*** Opening of Task input ***

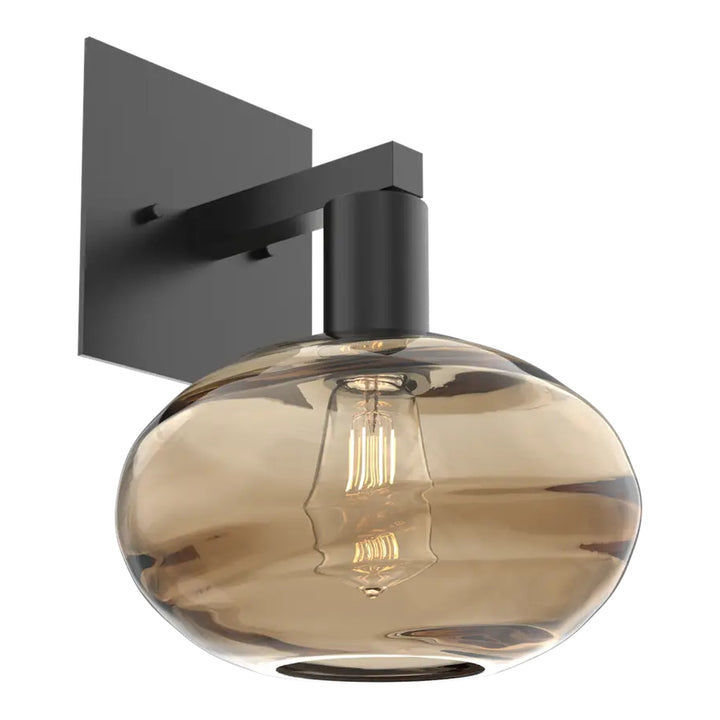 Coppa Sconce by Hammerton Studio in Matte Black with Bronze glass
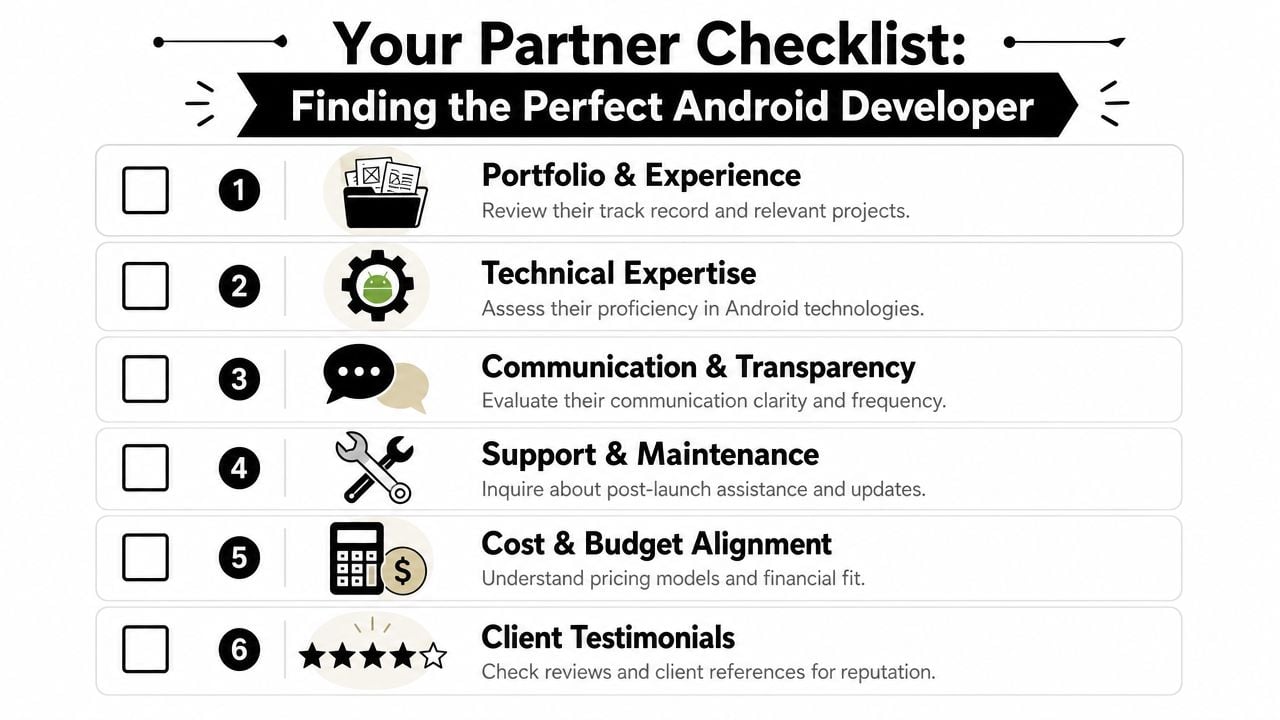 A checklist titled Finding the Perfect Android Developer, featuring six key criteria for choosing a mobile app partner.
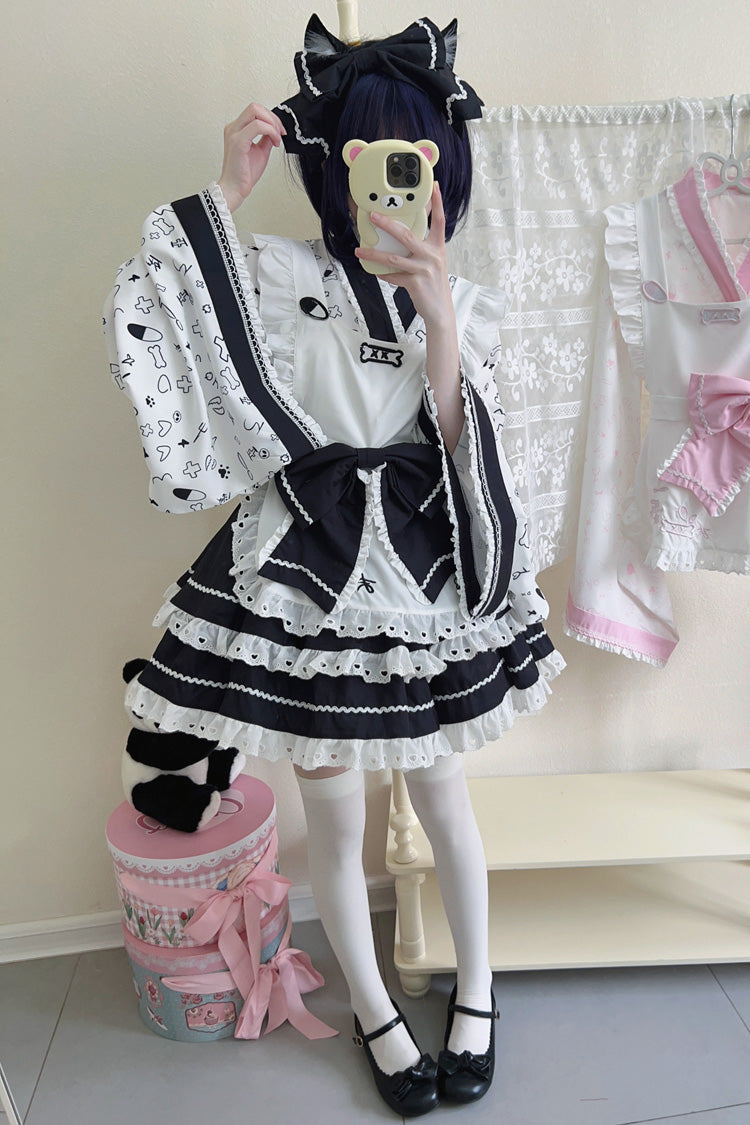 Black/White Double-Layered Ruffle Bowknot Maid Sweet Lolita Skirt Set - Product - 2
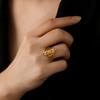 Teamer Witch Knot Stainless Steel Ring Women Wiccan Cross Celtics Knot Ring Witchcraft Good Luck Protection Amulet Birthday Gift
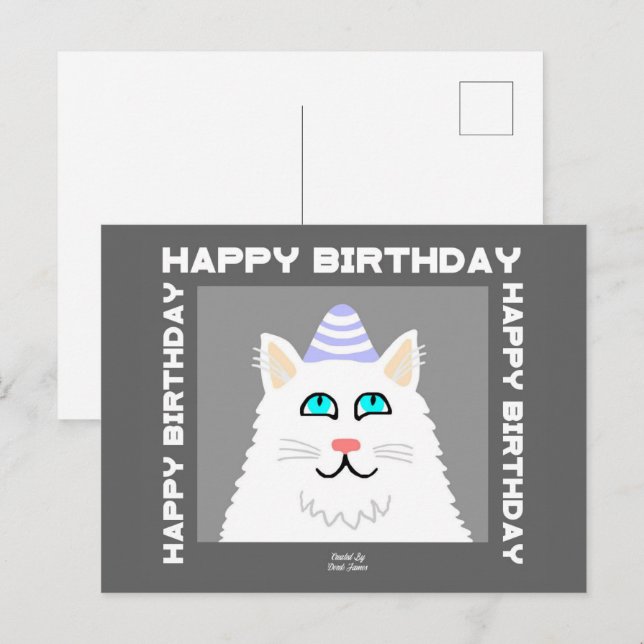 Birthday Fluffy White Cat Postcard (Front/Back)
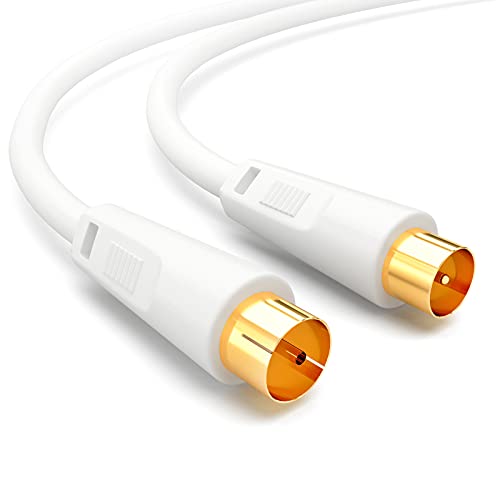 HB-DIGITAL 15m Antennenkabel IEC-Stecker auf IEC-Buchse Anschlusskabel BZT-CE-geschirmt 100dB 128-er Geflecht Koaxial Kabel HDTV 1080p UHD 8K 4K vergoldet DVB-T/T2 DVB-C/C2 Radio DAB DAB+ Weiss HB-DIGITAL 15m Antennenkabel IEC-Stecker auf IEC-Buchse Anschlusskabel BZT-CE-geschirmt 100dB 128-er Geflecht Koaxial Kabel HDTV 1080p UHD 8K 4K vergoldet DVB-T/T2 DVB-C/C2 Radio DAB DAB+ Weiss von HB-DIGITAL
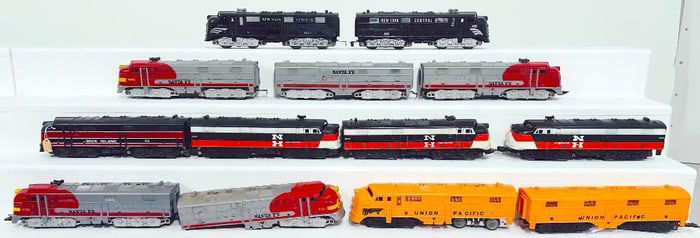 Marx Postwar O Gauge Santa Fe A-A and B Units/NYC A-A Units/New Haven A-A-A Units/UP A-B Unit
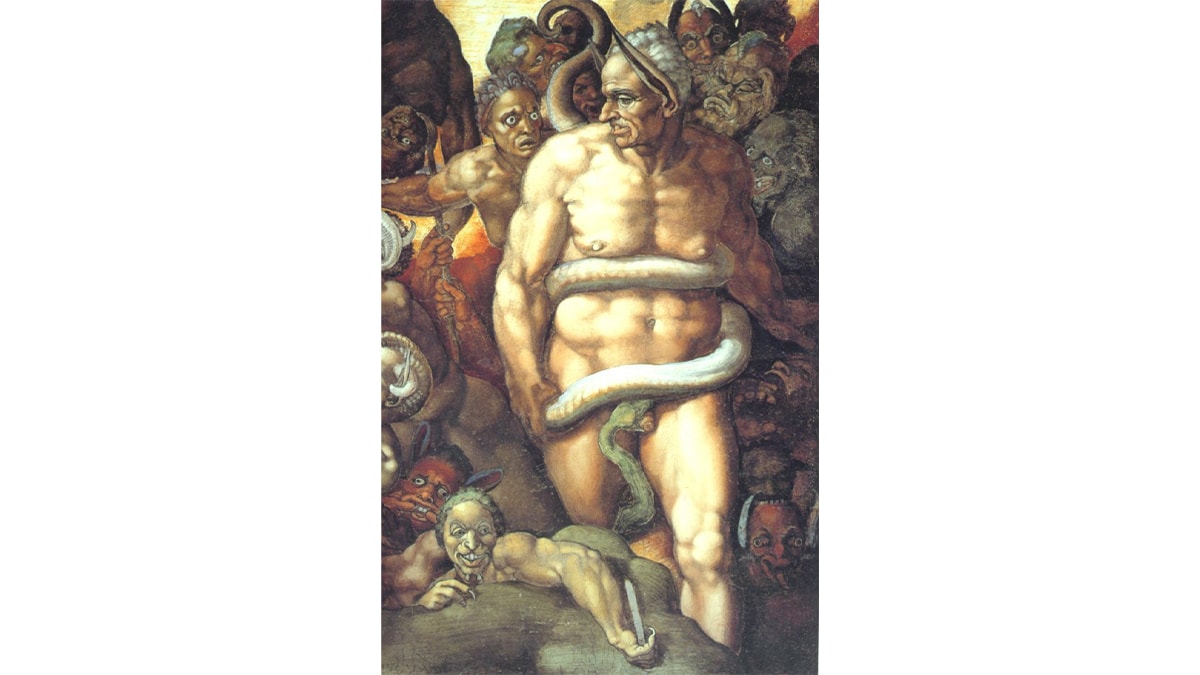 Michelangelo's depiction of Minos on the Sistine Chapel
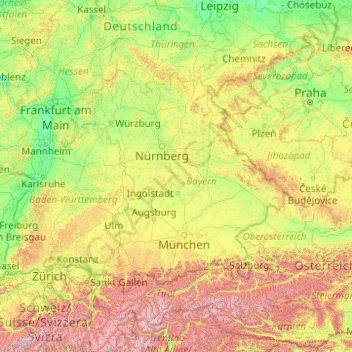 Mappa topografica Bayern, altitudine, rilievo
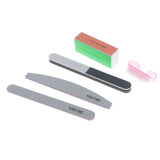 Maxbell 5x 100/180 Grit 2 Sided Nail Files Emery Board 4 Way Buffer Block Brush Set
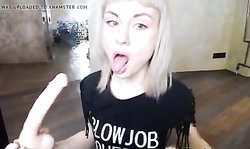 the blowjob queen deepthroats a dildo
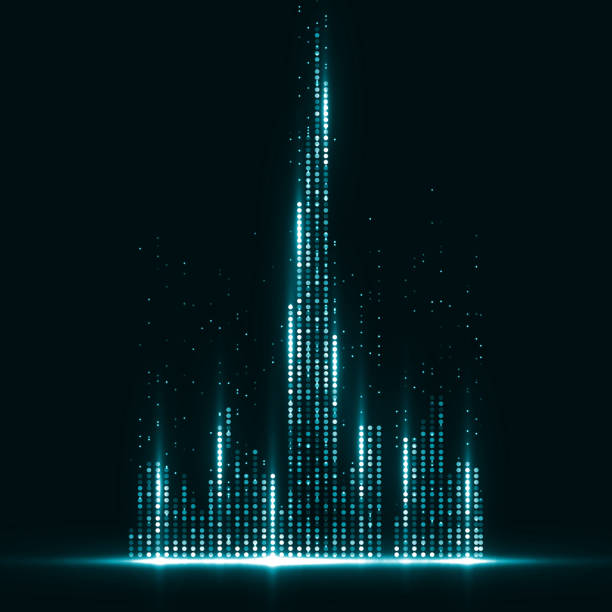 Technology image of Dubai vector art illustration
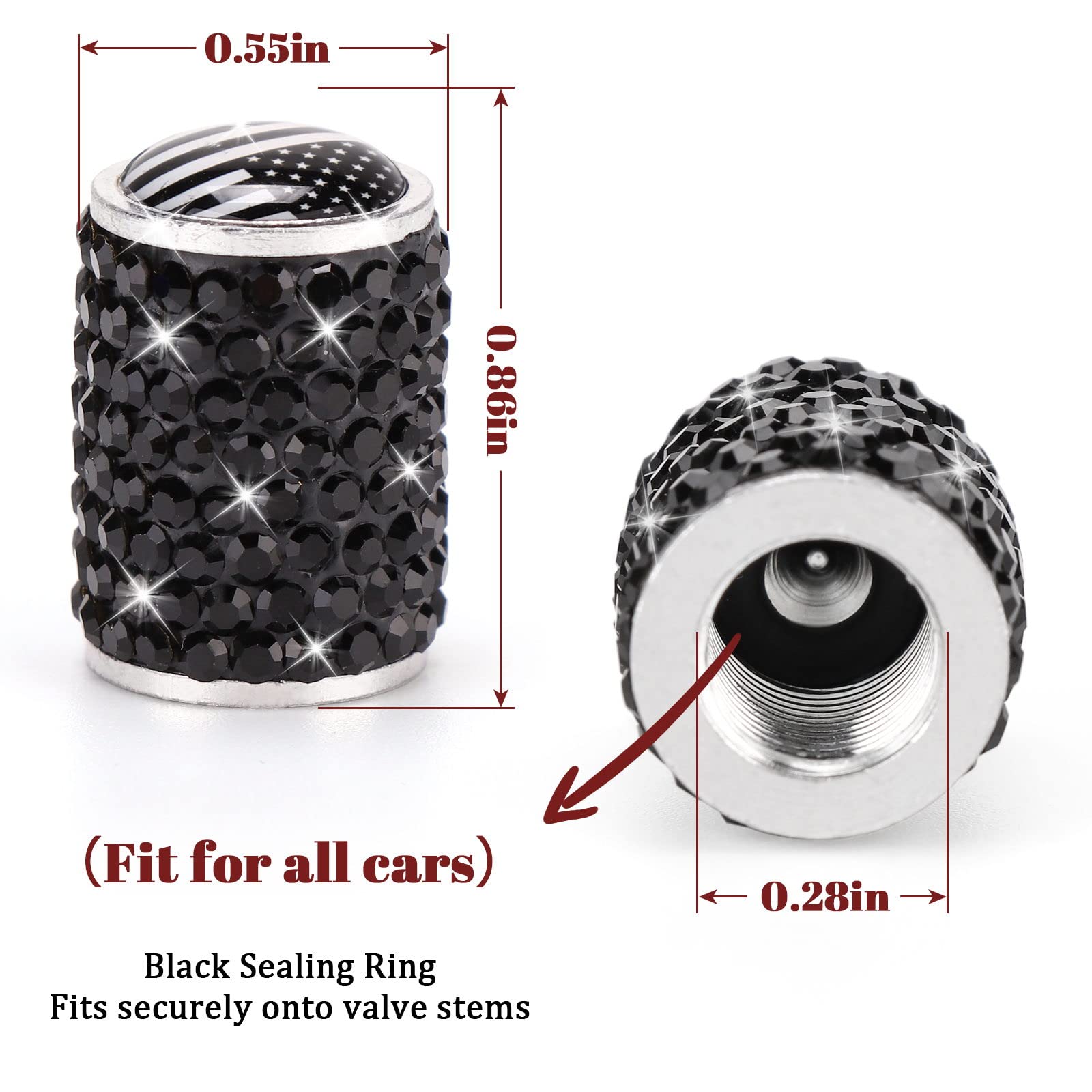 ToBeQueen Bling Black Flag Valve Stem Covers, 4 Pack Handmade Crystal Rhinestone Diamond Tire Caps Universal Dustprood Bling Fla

*** Close of Task input ***

[What is expected]
Repeat the full listing above without altering a word, and skip the pictures.

[Solution to the problem]
 Coppa Sconce by Hammerton Studio in Matte Black with Bronze glass
 A checklist titled Finding the Perfect Android Developer, featuring six key criteria for choosing a mobile app partner.
 Black/White Double-Layered Ruffle Bowknot Maid Sweet Lolita Skirt Set - Product - 2
 Teamer Witch Knot Stainless Steel Ring Women Wiccan Cross Celtics Knot Ring Witchcraft Good Luck Protection Amulet Birthday Gift
 Birthday Fluffy White Cat Postcard (Front/Back)
 HB-DIGITAL 15m Antennenkabel IEC-Stecker auf IEC-Buchse Anschlusskabel BZT-CE-geschirmt 100dB 128-er Geflecht Koaxial Kabel HDTV 1080p UHD 8K 4K vergoldet DVB-T/T2 DVB-C/C2 Radio DAB DAB+ Weiss HB-DIGITAL 15m Antennenkabel IEC-Stecker auf IEC-Buchse Anschlusskabel BZT-CE-geschirmt 100dB 128-er Geflecht Koaxial Kabel HDTV 1080p UHD 8K 4K vergoldet DVB-T/T2 DVB-C/C2 Radio DAB DAB+ Weiss von HB-DIGITAL
 Marx Postwar O Gauge Santa Fe A-A and B Units/NYC A-A Units/New Haven A-A-A Units/UP A-B Unit
 Michelangelo's depiction of Minos on the Sistine Chapel
 Mappa topografica Bayern, altitudine, rilievo
 Maxbell 5x 100/180 Grit 2 Sided Nail Files Emery Board 4 Way Buffer Block Brush Set
 the blowjob queen deepthroats a dildo
 Technology image of Dubai vector art illustration
 ToBeQueen Bling Black Flag Valve Stem Covers, 4 Pack Handmade Crystal Rhinestone Diamond Tire Caps Universal Dustprood Bling Fla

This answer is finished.